There is no case law from the appellate or supreme court of our state specifically addressing the applicability of § 52-577d to a non-perpetrator. A federal court decision, Almonte v.New York Medical College, District Court of Connecticut, Docket No. 93:CV00116 (March 31, 1994, Nevas, J.), and a superior court decision, Rosado v. Bridgeport Roman Catholic Diocesan Corp., Superior Court, judicial district of Fairfield at Bridgeport, Docket No. 300948 (September 13, 1993, Freedman, J.), support the plaintiff's position. The defendant, however, cites two cases that support her argument, Ashlaw v. Booth, Superior Court, judicial district of Windham, Docket No. 045313 (August 9, 1994, Potter, J.) and Doe v. British UniversitiesNorth American Club, 788 F. Sup. 1286 (D. Conn. 1992).
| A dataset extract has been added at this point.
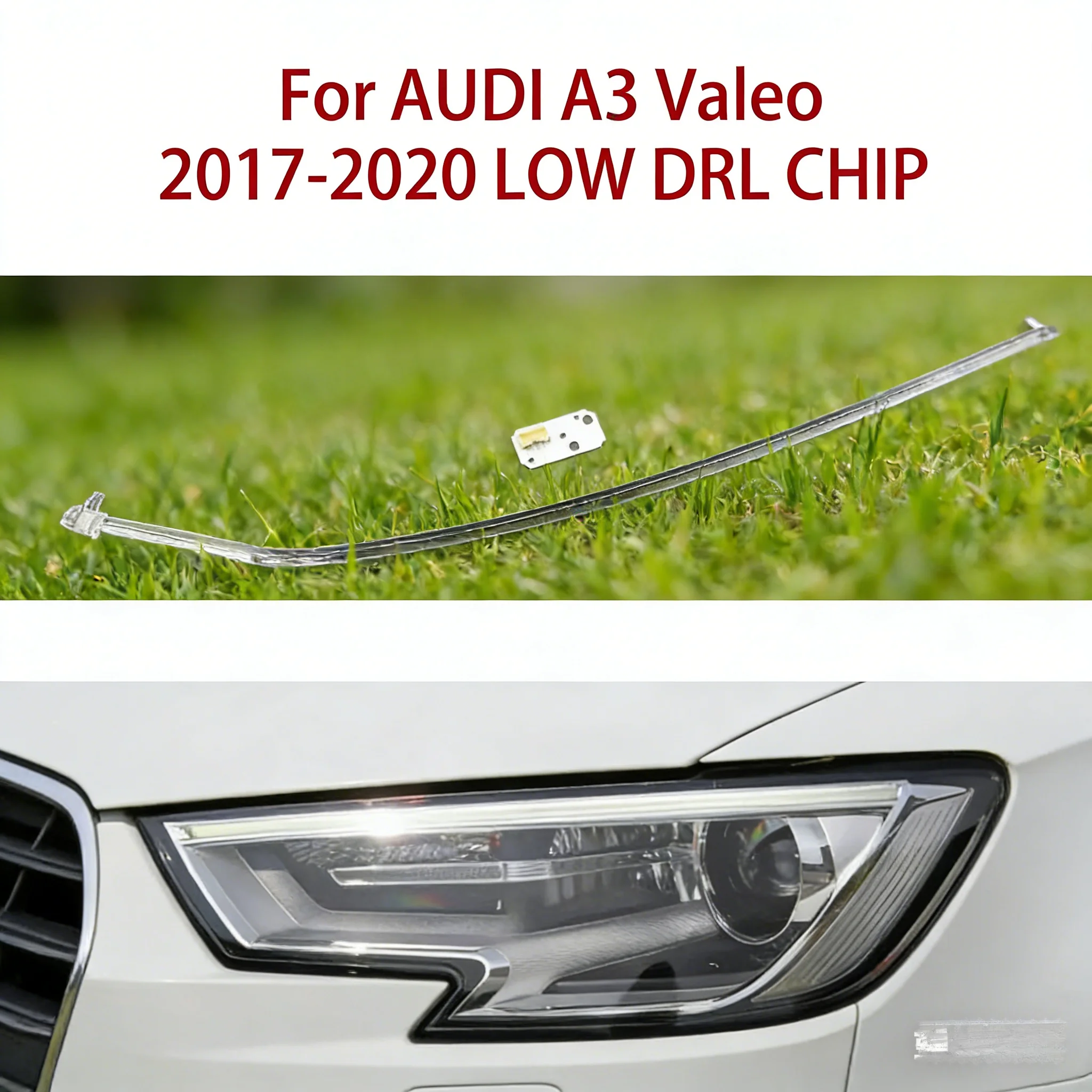 

White Light DRL Tube For 2017-2020 Audi A3 Angel Eye Car DRL CHIP Light Guide Strip Daytime Driving Ballast Board Chip LOW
This court is persuaded by the reasoning and logic of the CT Page 2741 cases cited by the plaintiff. "[W]hen the language of a statute is plain and unambiguous, we need look no further than the words themselves because we assume that the language expresses the legislature's intent." Frillici v. Westport, 231 Conn. 418,420, ___ A.2d ___ (1994). Because § 52-577d applies to "an action to recover damages for personal injury to a minor," it is clear on its face that it does not consider whether the action was brought against the perpetrator or a non perpetrator liable on other theories. See Rosado v. Bridgeport Roman CatholicDiocesan Corp., supra (ruling that § 52-577d, as the more specific statute, controls the limitations period for actions for damages to a minor caused by sexual abuse).
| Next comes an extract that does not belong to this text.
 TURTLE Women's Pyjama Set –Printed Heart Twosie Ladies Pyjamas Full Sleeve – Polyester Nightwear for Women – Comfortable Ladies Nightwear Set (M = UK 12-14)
"Quite simply, the statute does not expressly limit its application to offenders; rather, reference to the unambiguous language of the statute indicates that the statutory focus is onactions flowing from a particular type of harm and not parties."Almonte v. New York Medical College, supra. The court, Nevas, J., explained "in defining the scope of the statute, courts should look to whether the underlying harm was allegedly `caused by sexual abuse, sexual exploitation or sexual assault,' § 52-577d, rather than whether the named defendants are potentially primarily or only secondarily liable for the alleged harm." Id.
Additionally, the language of the statute does not provide for the distinction sought by the defendant that the seventeen year limitations period is only applicable where memories have been repressed. This court is in complete agreement with the reasoning of Almonte v. New York Medical College. The court, Nevas, J., recognized that "Connecticut does not employ a `discovery rule,' but instead applies an extended statute of limitations which makes no mention of when the action was `discovered.'" Id., 7 n. 3. When the plaintiff "discovered" the potential liability is not relevant to § 52-577d. The language of the statute provides that the plaintiff had seventeen years from the age of majority to bring this action. The plaintiff reached the age of majority on September 11, 1981, and filed the initial complaint less than twelve years later. Therefore, the action is not barred by the applicable statute of limitations, Connecticut General Statutes § 52-577d.
Accordingly, the motion for summary judgment is denied.